Derniers instants

Derniers instants

Tout est difficile. Je sens la fin tellement proche, et tout ce que j’aurais voulu c’est de mourir en paix, chez moi, loin des hommes desquels j’ai passé ma vie à me cacher. Aujourd’hui est le dernier jour de ma vie, car une femme à vélo m’a frappé durement. La rue que j’essaie de traverser, je n’en verrai jamais l’autre côté ; mes pattes arrière brisées refusent de m’aider à avancer. Mes pattes avant, quant à elles, bougent à peine, rigidifiées par la pluie et la fraîcheur de l’air, endolories par l’accident. Me voilà au milieu de cette intersection passante, luttant pour ma vie, essayant de me mettre à l’abri pour mourir en paix. Les gens passent autour de moi sans même me voir. Moi non plus je ne les vois plus : mon corps me fait tellement mal que je n’en ai plus rien à faire de mes ennemis de toujours. Comme si en fait on se rend compte de ce qui compte vraiment dans les derniers instants de notre vie. Je pense à ma vie, aux aventures vécues, aux festins dénichés dans les poubelles, à mes compères avec qui j’ai fait les cents coups. Puis tout à coup, une douleur aigue me compresse le crâne. Un humain vient de me piler dessus, concentré qu’il était à regarder son cellulaire. Comme j’ai mal ! Aidez-moi ! Et voilà… peut-être Dieu entend-il mon cri car c’est à ce moment que deux personnes s’approchent de moi. La femme semble bouleversée ; elle pleure. Elle pleure… de me voir dans cet état ? Je suis touché. Jamais un humain ne m’avait démontré d’amour et dans ces larmes, c’est ce que j’y décèle : un amour réel et une tristesse profonde de me voir moi – l’être aimé – dans cette posture. Aidez-moi ! Je souffre tellement ! C’est alors que l’homme se penche, puis me prend délicatement dans ses mains. Il m’offre lui aussi son amour en me partageant sa chaleur qui calme un peu ma douleur et en me sauvant de l’hostilité de la rue. Protégé, au chaud, aimé et vu pour la première fois de ma vie par un humain, je m’offre à l’Infini. Je laisse la mort venir, je l’accueille. Merci pour votre présence dans mes derniers instants. Je plonge mes petits yeux dans les leurs, puis je me laisse aller. En paix.

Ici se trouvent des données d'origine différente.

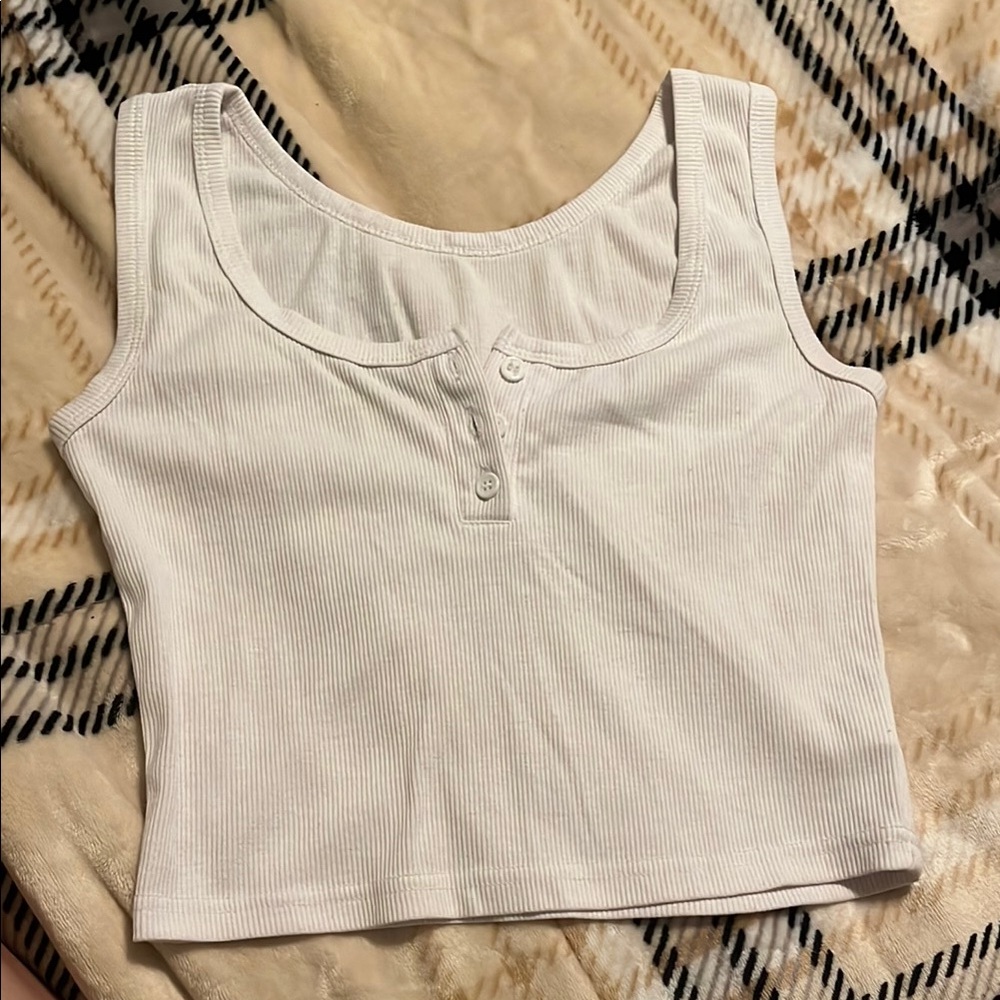 White Ribbed Tank Top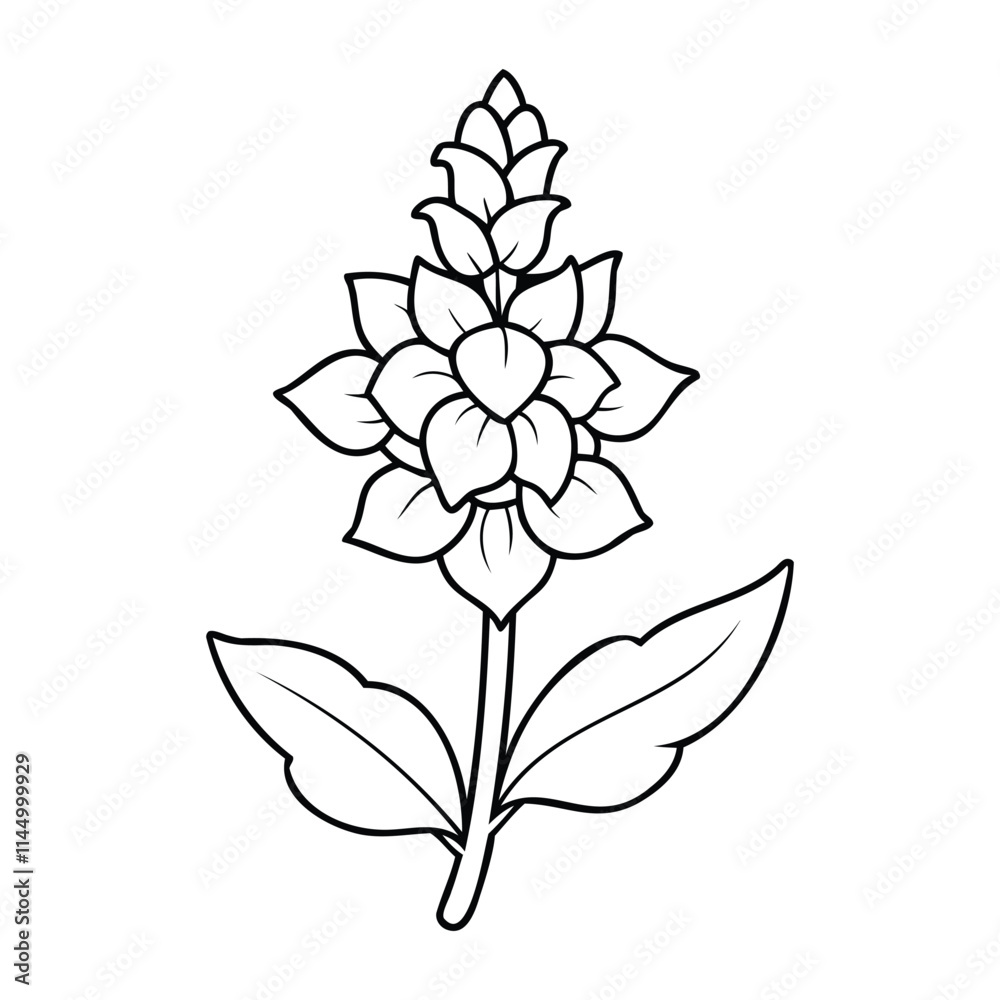 Ταπετσαρία Black and white line art of a snapdragon flower with distinct layered petals and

San Cristobal de las Casas, Mexique. Alors que je marche dans la rue avec mes compagnons de voyage et qu’il pleut, j’aperçois un rat qui essaie de traverser la rue. Je mets quelques secondes à comprendre qu’il vit ses derniers instants. Mon cœur se brise et bien que j’aimerais le prendre dans mes bras, mon rationnel me raisonne et me rappelle que c’est un animal de la rue et que je ne devrais pas prendre de risques. Nous continuons à marcher, puis au moment où je me retourne pour voir où il en est, un homme lui pile sur la tête involontairement et l’achève. Je n’ai pu m’empêcher de pleurer sa mort, et j’avais un besoin criant d’honorer cette petite vie qui s’était éteinte devant moi.

… d’où cette histoire, que j’ai terminé par écrit de la façon dont j’aurais aimé qu’elle se termine pour vrai.